Following the social upheaval in Argentina in 2001-2002 a book was published in Spanish that a lot of activists and independent journalists in the country began trying to get their hands on. It wasn’t in all of the bookstores, but news about it traveled like wildfire. Now the legendary book, Sin Patron: Stories From Argentina’s Worker-Run Factories, is translated and available to the English-speaking world.
The book includes a number of illuminating interviews and chapters by Lavaca, a journalism collective based in Buenos Aires that continues to produce some of the best analysis and stories on social movements in the country. With Sin Patron, Lavaca brings together dynamic voices and stories from the hearts of Argentina’s inspiring movements.
The timing couldn’t be better for the release of this book in English.
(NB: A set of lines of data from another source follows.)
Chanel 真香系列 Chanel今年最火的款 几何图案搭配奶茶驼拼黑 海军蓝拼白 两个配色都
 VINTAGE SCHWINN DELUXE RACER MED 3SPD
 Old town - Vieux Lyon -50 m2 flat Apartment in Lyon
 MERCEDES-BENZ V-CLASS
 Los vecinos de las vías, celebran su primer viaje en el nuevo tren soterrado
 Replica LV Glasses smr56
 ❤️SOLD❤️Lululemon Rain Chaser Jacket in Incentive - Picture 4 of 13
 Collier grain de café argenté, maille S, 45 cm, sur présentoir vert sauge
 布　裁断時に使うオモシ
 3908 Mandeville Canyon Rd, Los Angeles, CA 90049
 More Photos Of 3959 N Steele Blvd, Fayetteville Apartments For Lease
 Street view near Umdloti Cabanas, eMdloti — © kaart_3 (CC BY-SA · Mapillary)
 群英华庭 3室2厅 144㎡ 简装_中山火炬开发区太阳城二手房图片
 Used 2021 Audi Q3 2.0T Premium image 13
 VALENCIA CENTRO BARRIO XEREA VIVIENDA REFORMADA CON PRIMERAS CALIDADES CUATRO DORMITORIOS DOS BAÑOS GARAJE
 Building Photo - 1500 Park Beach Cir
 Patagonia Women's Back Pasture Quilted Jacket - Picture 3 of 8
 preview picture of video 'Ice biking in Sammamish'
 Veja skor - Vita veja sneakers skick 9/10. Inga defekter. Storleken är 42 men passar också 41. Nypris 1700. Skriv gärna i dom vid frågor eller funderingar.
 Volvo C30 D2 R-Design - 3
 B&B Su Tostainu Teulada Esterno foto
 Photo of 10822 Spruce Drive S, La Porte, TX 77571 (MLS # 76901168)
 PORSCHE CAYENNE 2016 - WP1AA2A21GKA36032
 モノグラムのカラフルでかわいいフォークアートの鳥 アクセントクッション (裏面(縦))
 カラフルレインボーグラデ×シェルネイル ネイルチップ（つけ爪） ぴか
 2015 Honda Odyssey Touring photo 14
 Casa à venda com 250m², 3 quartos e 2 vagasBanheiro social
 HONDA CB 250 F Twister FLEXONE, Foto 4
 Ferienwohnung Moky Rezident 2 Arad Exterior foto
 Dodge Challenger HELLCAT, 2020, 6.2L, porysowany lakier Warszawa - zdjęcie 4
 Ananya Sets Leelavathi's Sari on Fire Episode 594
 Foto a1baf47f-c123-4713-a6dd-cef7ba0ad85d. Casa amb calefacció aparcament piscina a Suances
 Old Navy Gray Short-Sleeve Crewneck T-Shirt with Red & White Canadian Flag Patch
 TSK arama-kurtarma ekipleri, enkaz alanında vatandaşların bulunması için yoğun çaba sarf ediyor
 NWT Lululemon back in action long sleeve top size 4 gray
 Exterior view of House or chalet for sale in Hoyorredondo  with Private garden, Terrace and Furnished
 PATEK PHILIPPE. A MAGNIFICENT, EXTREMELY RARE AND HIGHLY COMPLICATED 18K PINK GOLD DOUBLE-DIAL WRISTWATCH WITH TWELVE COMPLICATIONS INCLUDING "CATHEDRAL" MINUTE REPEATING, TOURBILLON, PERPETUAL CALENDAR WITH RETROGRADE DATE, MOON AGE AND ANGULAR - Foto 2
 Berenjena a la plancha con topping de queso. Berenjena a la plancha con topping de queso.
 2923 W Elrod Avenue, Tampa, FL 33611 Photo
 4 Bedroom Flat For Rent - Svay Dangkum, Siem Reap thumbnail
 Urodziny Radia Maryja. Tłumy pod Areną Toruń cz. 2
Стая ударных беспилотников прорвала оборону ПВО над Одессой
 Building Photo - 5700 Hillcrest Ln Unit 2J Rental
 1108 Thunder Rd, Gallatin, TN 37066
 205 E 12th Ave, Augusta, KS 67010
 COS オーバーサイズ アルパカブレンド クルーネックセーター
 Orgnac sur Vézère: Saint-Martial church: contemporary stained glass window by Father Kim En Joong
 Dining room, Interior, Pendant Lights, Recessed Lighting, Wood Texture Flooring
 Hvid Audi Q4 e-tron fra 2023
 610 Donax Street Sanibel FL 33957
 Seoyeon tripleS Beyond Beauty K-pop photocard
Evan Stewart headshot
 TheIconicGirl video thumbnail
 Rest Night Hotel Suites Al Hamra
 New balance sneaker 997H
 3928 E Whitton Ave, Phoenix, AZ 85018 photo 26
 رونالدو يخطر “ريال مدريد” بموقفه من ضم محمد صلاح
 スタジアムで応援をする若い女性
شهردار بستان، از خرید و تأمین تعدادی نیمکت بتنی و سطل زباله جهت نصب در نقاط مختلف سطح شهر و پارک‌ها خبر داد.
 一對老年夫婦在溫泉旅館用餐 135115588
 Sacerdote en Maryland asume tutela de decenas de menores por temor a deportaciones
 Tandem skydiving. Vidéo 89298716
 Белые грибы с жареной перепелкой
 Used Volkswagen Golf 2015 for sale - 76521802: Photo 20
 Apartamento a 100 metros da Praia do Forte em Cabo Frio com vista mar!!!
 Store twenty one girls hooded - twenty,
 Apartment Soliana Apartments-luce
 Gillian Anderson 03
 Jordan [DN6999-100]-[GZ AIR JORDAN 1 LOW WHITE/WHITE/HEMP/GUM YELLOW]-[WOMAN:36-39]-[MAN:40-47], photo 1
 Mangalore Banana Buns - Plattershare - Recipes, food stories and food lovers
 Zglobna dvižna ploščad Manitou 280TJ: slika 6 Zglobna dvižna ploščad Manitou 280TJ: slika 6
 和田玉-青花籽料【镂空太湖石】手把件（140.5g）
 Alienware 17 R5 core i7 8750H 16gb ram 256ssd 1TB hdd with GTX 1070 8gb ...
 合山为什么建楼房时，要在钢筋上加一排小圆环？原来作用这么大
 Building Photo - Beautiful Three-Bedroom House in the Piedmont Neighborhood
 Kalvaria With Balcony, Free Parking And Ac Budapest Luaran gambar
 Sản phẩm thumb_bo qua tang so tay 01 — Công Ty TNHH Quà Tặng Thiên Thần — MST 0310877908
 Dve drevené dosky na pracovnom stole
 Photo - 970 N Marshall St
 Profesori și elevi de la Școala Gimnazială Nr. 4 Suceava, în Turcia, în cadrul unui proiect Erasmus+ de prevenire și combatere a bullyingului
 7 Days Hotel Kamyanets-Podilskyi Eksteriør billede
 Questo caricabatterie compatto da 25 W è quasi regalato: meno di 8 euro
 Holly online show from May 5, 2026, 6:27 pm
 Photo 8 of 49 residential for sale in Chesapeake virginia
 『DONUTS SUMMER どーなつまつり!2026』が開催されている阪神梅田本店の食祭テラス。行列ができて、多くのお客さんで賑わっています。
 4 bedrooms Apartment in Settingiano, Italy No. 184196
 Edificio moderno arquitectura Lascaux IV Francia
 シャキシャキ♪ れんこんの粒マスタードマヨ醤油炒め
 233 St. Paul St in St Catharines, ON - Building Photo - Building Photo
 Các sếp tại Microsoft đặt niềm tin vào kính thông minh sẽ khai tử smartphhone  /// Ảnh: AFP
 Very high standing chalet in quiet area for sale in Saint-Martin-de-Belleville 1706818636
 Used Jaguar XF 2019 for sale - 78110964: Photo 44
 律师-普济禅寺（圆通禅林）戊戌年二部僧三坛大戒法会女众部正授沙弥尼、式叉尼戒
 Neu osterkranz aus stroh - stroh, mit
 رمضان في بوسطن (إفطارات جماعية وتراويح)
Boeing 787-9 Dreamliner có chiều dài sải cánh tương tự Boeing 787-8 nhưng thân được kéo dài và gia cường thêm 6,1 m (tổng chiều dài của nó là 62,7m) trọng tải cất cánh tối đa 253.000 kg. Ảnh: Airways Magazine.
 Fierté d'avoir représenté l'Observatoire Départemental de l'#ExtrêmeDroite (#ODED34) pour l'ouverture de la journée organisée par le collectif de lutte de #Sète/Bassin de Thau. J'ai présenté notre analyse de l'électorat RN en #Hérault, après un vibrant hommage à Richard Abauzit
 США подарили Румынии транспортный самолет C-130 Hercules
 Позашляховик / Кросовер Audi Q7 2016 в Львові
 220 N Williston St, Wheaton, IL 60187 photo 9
Readers in the US seeking creative solutions to the current economic crisis may find some helpful suggestions in Sin Patron.
Workers in Argentina during that country’s crash figured out they needed to go beyond the law to survive. “For workers in Argentina there is no law. It only exists for the powerful,” said Eduardo Murua, President of the National Movement of Reclaimed Companies. “If we were stuck outside [of the factory] asking the judge to keep it open, we would get nowhere. If we were to ask politicians, we’d get even less. Only through occupation could we recover the jobs.”
One story of occupation and worker control told in Sin Patron is that of Sime Quarry, located in the province of Entre Rios. The owners of the quarry ran the business into the ground, but it was taken over by its workers and kept in operation under worker-control. Leading up to the closure the bosses abused the workers verbally and physically. María del Huerto, 45 years old, said that in December of 2002 the bosses of the quarry “gave us a 35-day unscheduled vacation.” The “vacation” lasted until January 20th, when the workers went back to the quarry to find it abandoned. It was “a pasture with no lights, running water, or telephone service. Nothing. It was desolate,” María said. Just a few machines were left.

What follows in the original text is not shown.